L’orrendo omicidio del dissidente Aleksandr Litvinenko, consumatosi nel novembre di dieci anni fa, rappresenta solo uno dei tanti casi irrisolti avvenuti nella Russia di Vladimir Putin.
L’autunno del 2006, in particolare, sarà ricordato come uno dei più cruenti della recente storia russa, poiché solo un mese prima, a Mosca, era stata assassinata Anna Politkovskaja, giornalista molto attiva nel campo dei diritti umani, e fervida oppositrice di Putin.
L’omicidio Litvinenko, invece, si consumò a Londra, dove l’ex agente dei servizi segreti russi si trovava in esilio. Anch’egli, come Poitkovskaja, aveva pubblicato un libro di denuncia contro gli agenti segreti di Mosca, all’interno del quale venivano sferrate pesanti accuse sull’operato dei militari russi in Cecenia.

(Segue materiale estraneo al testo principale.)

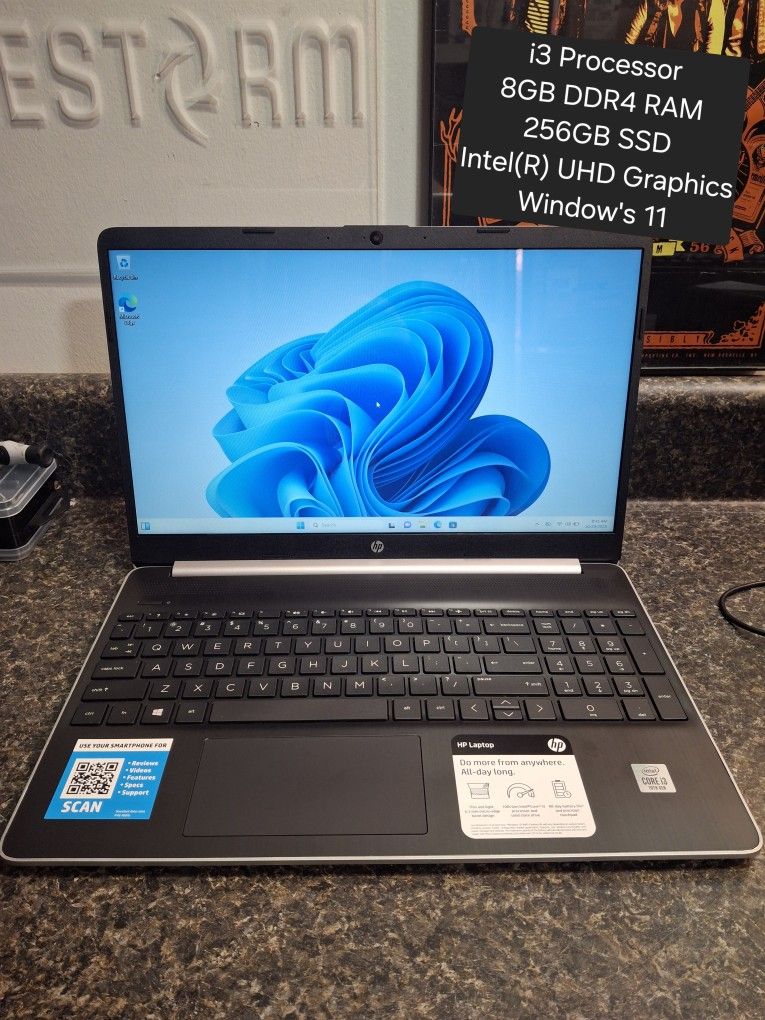 HP LAPTOP 15-DY1044NR i3-1005G1 1.2GHz 8Gb 256Gb SSD 768P Display WINDOW'S 11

La morte fu causata da un avvelenamento da polonio e le immagini di Litvinenko morente sul letto di ospedale fecero il giro del mondo, documentando brutalmente l’agonia di un uomo che, anche se debilitato, riuscì tuttavia a lanciare un’ultima, estrema accusa a Vladimir Putin, definendolo, senza troppi giri di parole, il mandante del suo avvelenamento, così come dell’omicidio di Anna Politkovskaja.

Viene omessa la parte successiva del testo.